I want to say something directly to the design and construction professionals reading this. You are not doing anything wrong. Your methodology is sound. Your experience is real. The engineering discipline you have built over years of delivering precision facilities (power distribution, MEP design, structural engineering, commissioning) is genuinely valuable.

But an AI data center demands more. It requires a rethink and a willingness to look deeper into the rack and the servers that occupy it. This is not a minor calibration of existing practice. It is a fundamental mismatch between what the facility must do and what the design process currently produces. That mismatch has consequences for the owner, for the operator, for the AI workloads the facility exists to serve, and ultimately for the professional credibility of the teams that delivered it. This is a professional accountability issue and it needs to be named as one.

How the D&C Community Arrived Here

The design and construction industry adapted well to the data center boom of the 2000s and 2010s. Data centers became a recognised sub-sector of industrial construction.
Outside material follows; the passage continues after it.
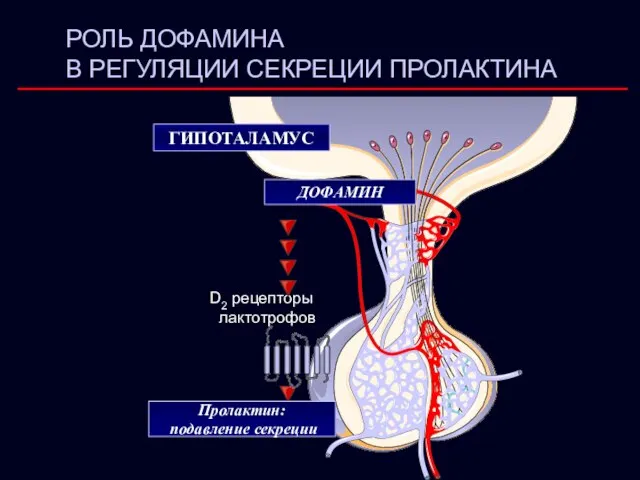 РОЛЬ ДОФАМИНА В РЕГУЛЯЦИИ СЕКРЕЦИИ ПРОЛАКТИНА D2 рецепторы лактотрофов ДОФАМИН ГИПОТАЛАМУС Пролактин: подавление секреции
Specialist contractors, specialist engineers, and specialist consultants developed genuine expertise. Standards emerged. Best practices were codified. Delivery timelines compressed. Costs became more predictable.

That expertise was built around a specific type of occupant: commodity x86 servers in standard racks drawing 5 to 15 kilowatts per rack, in air-cooled data halls with predictable load profiles and well-understood MEP requirements. The facility shell was the product and it was designed accordingly – shell inward. The design sequence (establish the shell, define the power and cooling envelope, specify the white space) worked because the occupant was generic. Any standard server workload could be accommodated. Design once, replicate at scale. The AI data center breaks that sequence at every step.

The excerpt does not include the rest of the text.